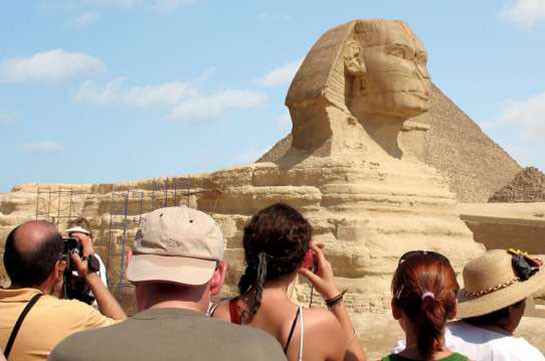 Եգիպտոսում սեպտեմբերի 1-ից զբոսաշրջիկները կրկին կկարողանան այցելել բուրգեր և թանգարաններ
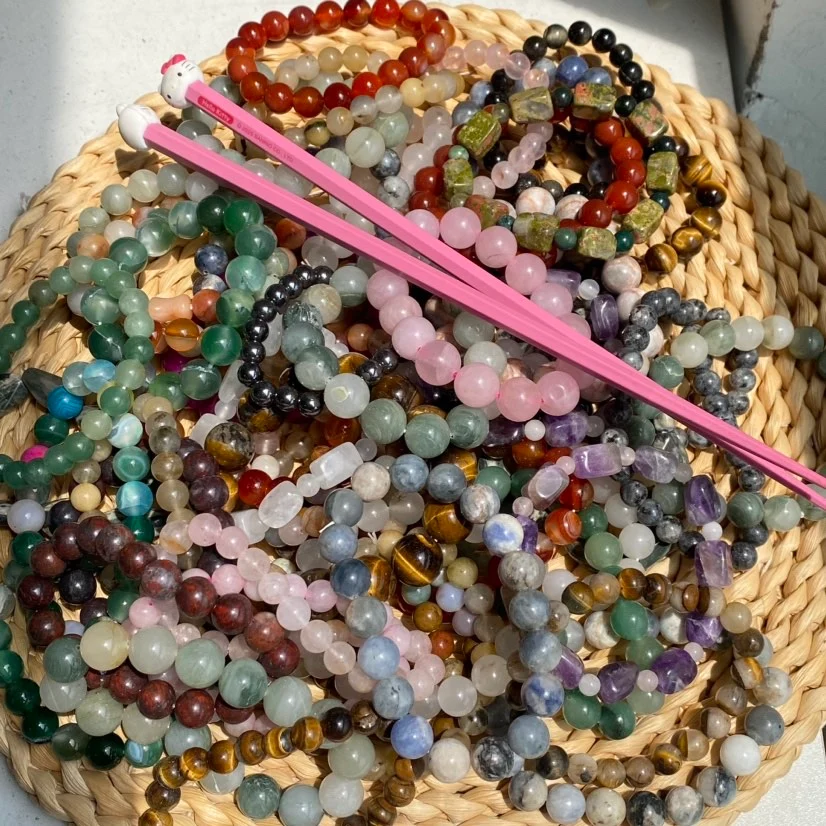 Mixed Bracelet Confetti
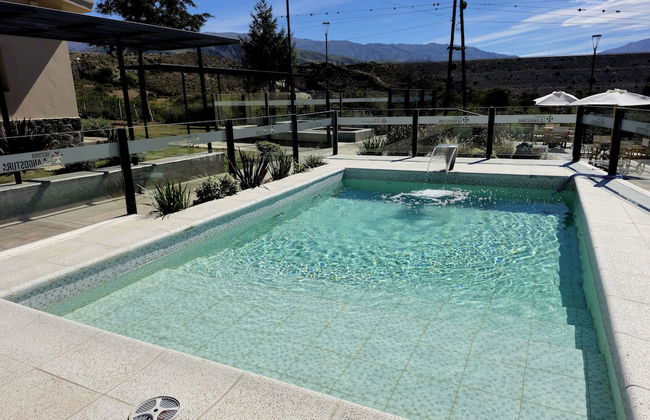 Hosteria La Angostura - Foto 76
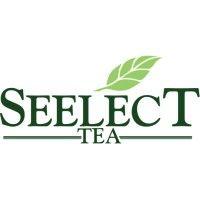 seelect tea logo image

* * * * * * * * *

What to produce: Please reproduce each line of the listing above exactly, skipping pictures.

Finished exercise:
 Եգիպտոսում սեպտեմբերի 1-ից զբոսաշրջիկները կրկին կկարողանան այցելել բուրգեր և թանգարաններ
 Mixed Bracelet Confetti
 Hosteria La Angostura - Foto 76
 seelect tea logo image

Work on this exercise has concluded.